Estes três pontos são as grandes linhas a ser seguidas, quanto a nós, sendo de louvar a posição assumida pelo TC. No entanto, a decisão proferida por este órgão não é perfeita uma vez que não aplica verdadeiramente o que defendeu, isto é, não procede a uma ponderação judicial concreta dos interesses em confronto, por entender que nas situações em que legislador ou no caso sub judice, a Administração, através da celebração de um contrato de investimento, terá optado ela própria por atribuir prevalência aos direitos de propriedade privada e livre iniciativa dentro dos quais se inclui o segredo industrial, visam satisfazer interesses com relevância a nível constitucional.
Em primeiro lugar dúvidas não há em relação à existência de um conflito de direitos: Direito do Ambiente nomeadamente no que respeita à informação que a cada um de nós é permitido aceder VS Direitos da propriedade e da livre iniciativa.
Em segundo lugar, seguindo aquele raciocínio, parece que toda e qualquer decisão emitida pela Administração será sempre certa e a melhor das decisões do mundo!!? Ora, sejamos realistas! Em princípio, deveria ser mas sabemos que nem sempre é assim. A Administração também comete erros e por vezes as suas decisões deixam muito a desejar...

Atenda-se ainda às palavras de Mário José de Araújo Torres que no seu voto de vencido ao acórdão, ao qual se associa Maria Fernanda Palma, fundamenta de uma forma clara e com base em jurisprudência anterior do TC, a necessidade de em toda e qualquer circunstância, dada a sua natureza - seja ela expressa no texto constitucional ou imposta pela necessidade de salvaguardar outros direitos ou interesses merecedores de tutela - que implique uma restrição ao direito de informação carecer de uma ponderação casuística de modo a decidirmos por um dos direitos em conflito.

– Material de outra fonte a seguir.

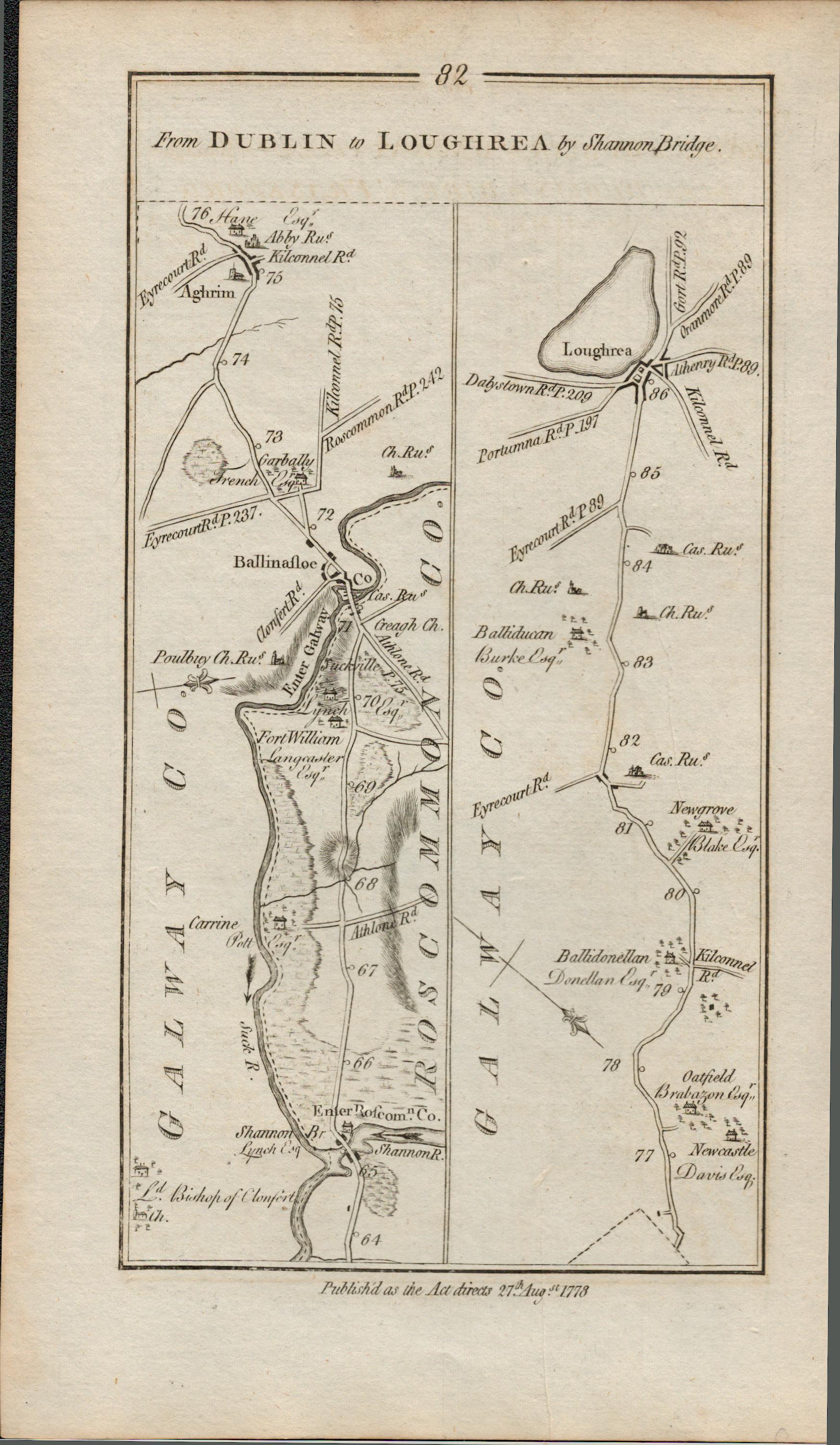 Taylor & Skinner 1777 Ireland Map Galway Offaly Birr Banagher Ramore. - Image 2 of 2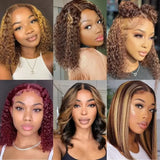 Curly Highlight Bob Wig Human Hair Deep Wave 4x4 HD Lace Front Wigs Colored Pre Plucked Wear And Go Glueless  Human Hair For Black Women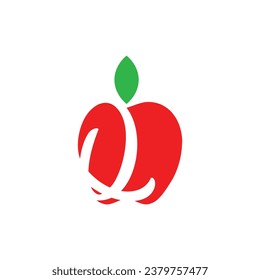 Letter Q logo design with Apple Vector elements for natural application, ecology illustration design template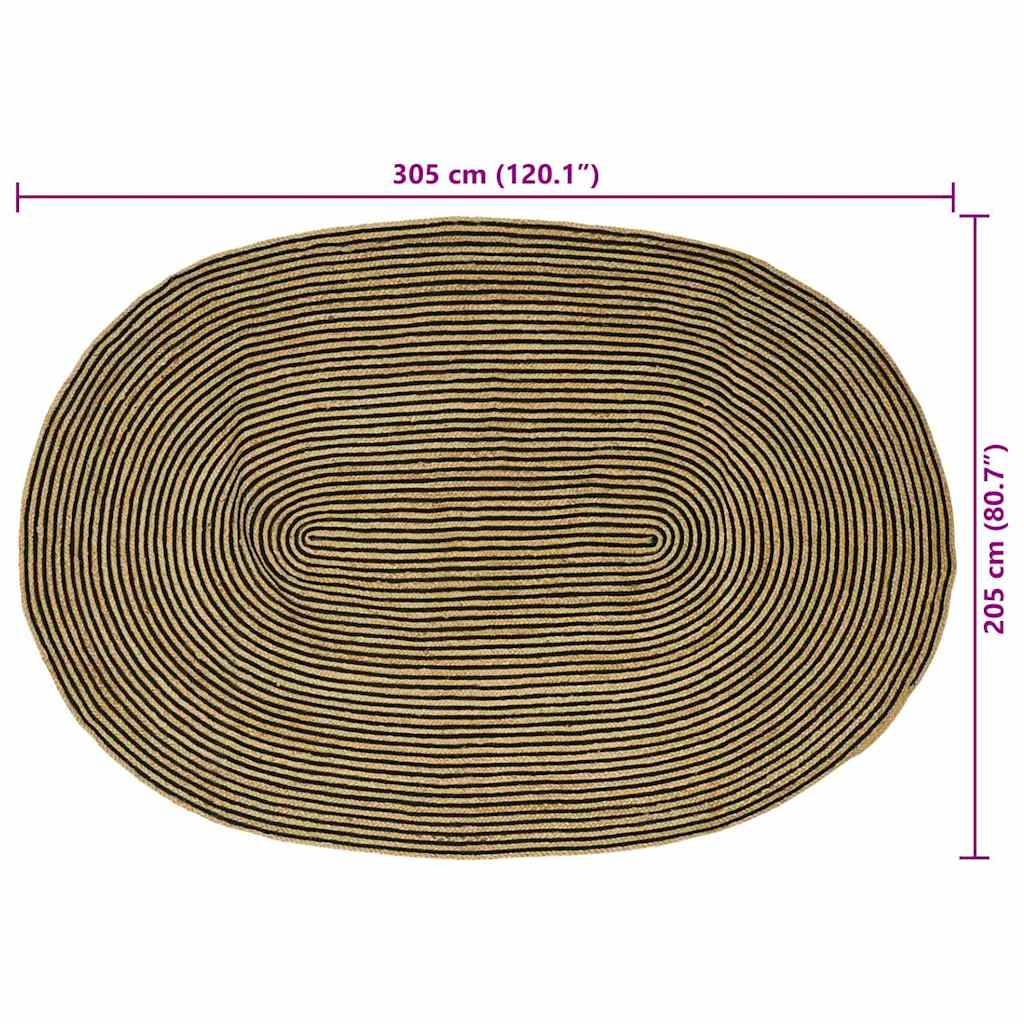vidaXL Teppich Natürlich und Schwarz 205 x 305 cm Jute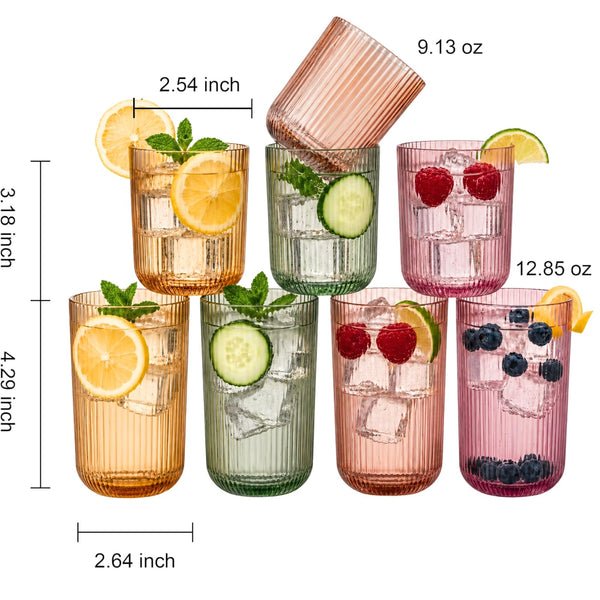 Set of 8 Ribbed Glasses - 4 Highball Glasses & 4 Lowball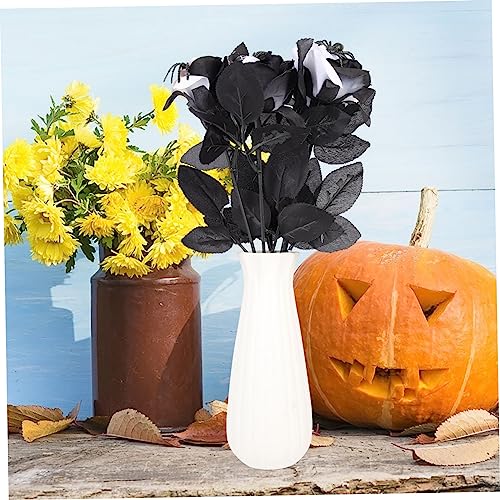 Ipetboom 5Pcs Halloween Artificial Rose Decorations with Creepy Spider Black and White Faux Flowers for Indoor Haunted House Party and Spooky Halloween Atmosphere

Mais, tenha-se em conta o alerta para o qual Araújo Torres nos adverte: “é incompatível com a eficiente defesa dos valores ambientais, em que prevalecem os princípios da prevenção e da precaução, a consideração (feita pelo TC) de que «caso a laboração da empresa venha a provocar danos ambientais, então sim poder-se-á discutir a prevalência do direito do ambiente». Ou seja, o TC ao dizer tal coisa está a inverter um dos princípios essenciais sobre o qual assenta o nosso Direito do Ambiente: em vez de “mais vale prevenir do que remediar” está a espera que primeiro o ambiente fique “doente” para depois dar-lhe um “remediozinho”. Ora, o Ambiente não é de recuperação rápida!!


Por tudo isto, vimos o “melindre” que a publicitação de alguma informação pode implicar é certo, mas também o é, e em jeito de conclusão, que o princípio da proporcionalidade como indutor de uma ponderação casuística pode e deve ser um bom critério a ser adoptado para resolver todas aquelas situações em que exista um conflito de direitos e tenhamos de decidir por um deles.